The problem - Restate all data exactly. No images.

Source material -
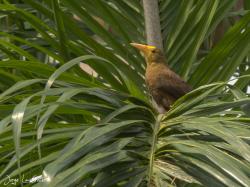 Foto Conoto Aceituna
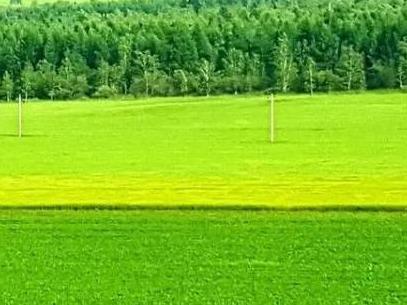 甘河农牧场十六队3标段37亩2块地（GH16-0003）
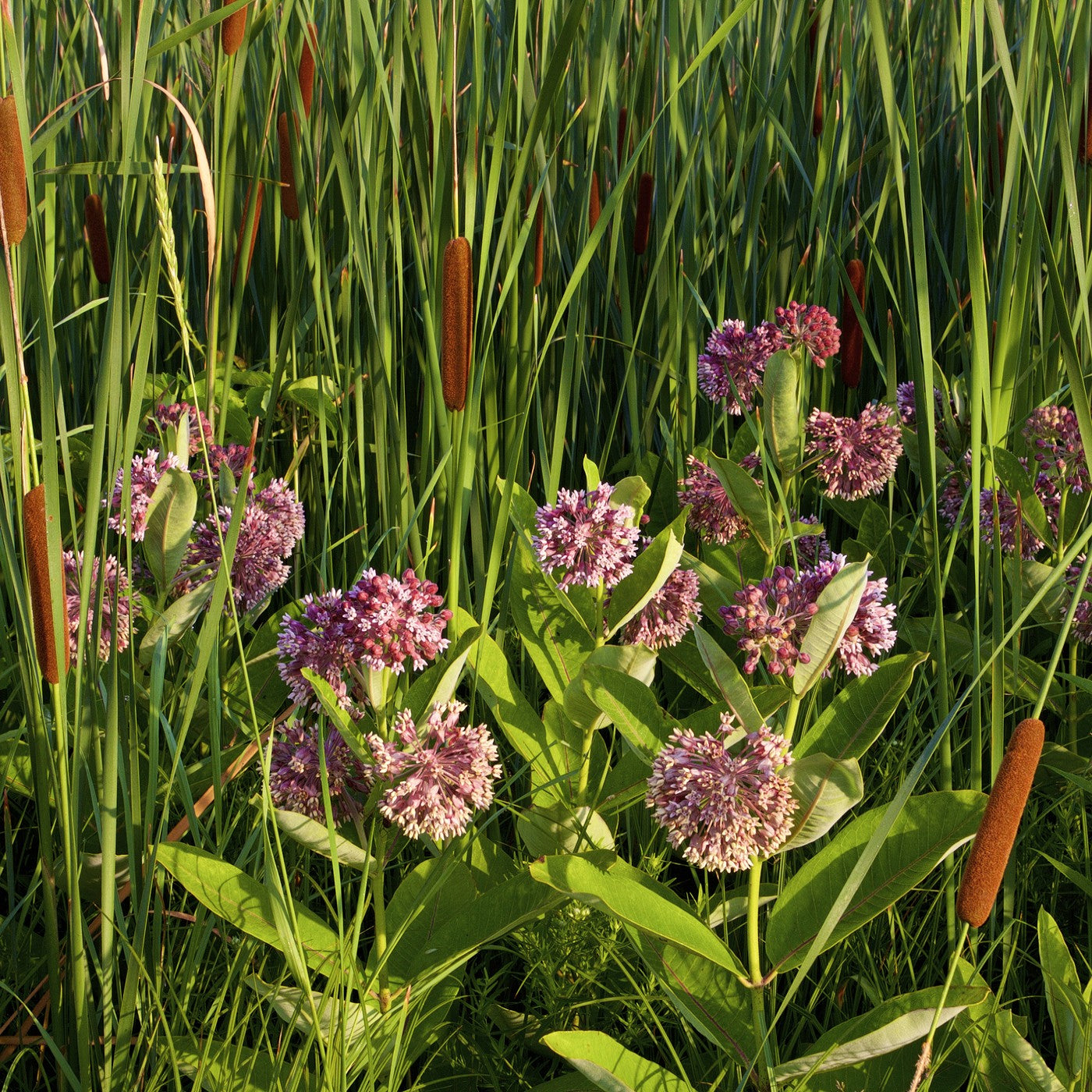 Milkweed Common Seeds (Asclepias syriaca)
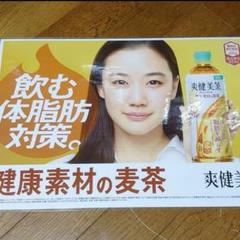 大型配送タイプ】蒼井優さん掲載ページSET（ポスターサイズ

Output -
 Foto Conoto Aceituna
 甘河农牧场十六队3标段37亩2块地（GH16-0003）
 Milkweed Common Seeds (Asclepias syriaca)
 大型配送タイプ】蒼井優さん掲載ページSET（ポスターサイズ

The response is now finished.